All of this makes Dad's middle name, Leon, fits the fictional character well. Leon means 'lion' in many languages. Lions have complicated relationships with humans. One one hand, they are easily demonized as threat to our bodily safety. On the other, we've seem so many videos of them behaving like big goofy cats that we forget to respect their boundaries.

On the journey to publication, I fear that the name, Leon, may be a problem. My own name Loren, has many of the same letters in it. However, I would honestly rather get a pen name than change the character's name.

Leon the wizard is a work of fiction. Dwayne Leon Selby was a father who valued creativity. While he is no longer present to read The Odd-Job Wizard, he read and commented on many of the earlier story lines. He would have loved how the character has developed and laughed himself silly over the idea of a wizard building a hot-air balloon out of patchwork fabric and leftover wallpaper.


Thursday, March 13, 2025

Doodling Dragons

 

One of the driving forces in my novelle The Odd-Job Wizard is Celabramar the dragon. He has an intense personality, big appetite, and a quick temper. He has also been living in my head since I was thirteen years old and doodled him during my one year in private education.

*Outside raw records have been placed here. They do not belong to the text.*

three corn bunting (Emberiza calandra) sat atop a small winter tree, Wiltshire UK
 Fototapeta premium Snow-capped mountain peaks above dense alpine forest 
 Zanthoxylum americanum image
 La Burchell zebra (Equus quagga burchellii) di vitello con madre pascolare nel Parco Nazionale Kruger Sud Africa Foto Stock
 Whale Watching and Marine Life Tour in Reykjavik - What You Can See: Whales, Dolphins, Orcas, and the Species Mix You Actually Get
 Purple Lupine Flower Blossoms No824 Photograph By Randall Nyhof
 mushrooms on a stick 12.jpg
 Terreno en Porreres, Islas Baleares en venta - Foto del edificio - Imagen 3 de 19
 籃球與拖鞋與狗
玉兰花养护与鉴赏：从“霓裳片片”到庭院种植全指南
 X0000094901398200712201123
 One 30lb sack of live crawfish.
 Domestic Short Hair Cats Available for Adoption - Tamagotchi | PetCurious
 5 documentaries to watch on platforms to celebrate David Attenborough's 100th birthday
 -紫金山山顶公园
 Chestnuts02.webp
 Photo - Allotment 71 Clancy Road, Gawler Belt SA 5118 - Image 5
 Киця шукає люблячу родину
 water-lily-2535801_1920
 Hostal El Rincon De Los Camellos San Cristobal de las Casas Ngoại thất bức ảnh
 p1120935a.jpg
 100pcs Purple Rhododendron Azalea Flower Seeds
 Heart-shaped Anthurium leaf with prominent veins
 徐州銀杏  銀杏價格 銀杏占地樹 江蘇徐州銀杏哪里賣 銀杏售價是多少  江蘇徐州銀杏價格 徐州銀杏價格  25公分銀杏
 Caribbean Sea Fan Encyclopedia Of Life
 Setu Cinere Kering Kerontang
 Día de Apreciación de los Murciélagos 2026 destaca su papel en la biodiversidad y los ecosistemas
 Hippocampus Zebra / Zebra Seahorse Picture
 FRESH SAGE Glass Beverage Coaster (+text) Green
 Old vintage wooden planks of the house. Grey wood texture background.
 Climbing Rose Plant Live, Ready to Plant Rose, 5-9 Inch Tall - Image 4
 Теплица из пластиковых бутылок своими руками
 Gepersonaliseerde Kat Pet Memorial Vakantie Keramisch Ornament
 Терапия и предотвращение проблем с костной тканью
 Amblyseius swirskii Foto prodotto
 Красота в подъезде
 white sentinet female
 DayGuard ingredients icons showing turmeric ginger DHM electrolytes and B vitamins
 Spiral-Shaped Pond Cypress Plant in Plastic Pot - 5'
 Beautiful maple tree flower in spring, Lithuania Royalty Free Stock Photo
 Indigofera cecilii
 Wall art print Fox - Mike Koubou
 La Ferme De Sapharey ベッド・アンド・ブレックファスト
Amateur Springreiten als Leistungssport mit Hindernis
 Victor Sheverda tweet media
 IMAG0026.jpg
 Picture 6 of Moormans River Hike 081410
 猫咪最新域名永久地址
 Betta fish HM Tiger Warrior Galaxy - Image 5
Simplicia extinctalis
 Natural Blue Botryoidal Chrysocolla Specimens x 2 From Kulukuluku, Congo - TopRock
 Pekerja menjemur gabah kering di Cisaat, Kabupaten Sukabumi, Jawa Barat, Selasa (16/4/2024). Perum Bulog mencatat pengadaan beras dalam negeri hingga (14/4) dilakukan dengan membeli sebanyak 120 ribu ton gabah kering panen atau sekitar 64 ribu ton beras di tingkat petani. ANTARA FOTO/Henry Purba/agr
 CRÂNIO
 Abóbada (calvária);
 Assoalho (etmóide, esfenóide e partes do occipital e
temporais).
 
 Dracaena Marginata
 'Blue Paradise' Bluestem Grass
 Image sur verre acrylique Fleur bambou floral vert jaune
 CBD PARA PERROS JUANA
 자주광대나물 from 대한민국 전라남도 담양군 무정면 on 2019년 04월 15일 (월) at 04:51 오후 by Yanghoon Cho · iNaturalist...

I started one class with a pencil sketch of a chess piece. Later that drawing became a tower on a lake. Yet another class later I decided that tower needed a dragon. That dragon would become Celabramar.

Doodle of a Dragon and Tower
Pencil on lined notebook paper
by
A 13-year-old Overthinker with wobbly penmenship and poor spelling skills


Celabramar is fun to write. His wants are simple, a full stomach and a warm quiet place to nap. The conflict comes from the fact his is a large obligate carnivore with no need for human norms. He doesn't have to be malicious to cause problems.

The backstory conflict in The Odd-Job Wizard starts because ranchers settle in his hunting ground. Celabramar still needs to eat. The native prey is gone, so he just eats sheep. This is reasonable in his mind. However, much like in the U.S.A.'s Great Westward Expansion, the settlers freak out about 'marauding savages' threatening their lives and livelihoods.

Thankfully, Mundus is not America. Celabramar is not a human facing the combine forces of colonialism and the federal government. He is a fire-breathing dragon. Young, inexperienced, but still a dragon.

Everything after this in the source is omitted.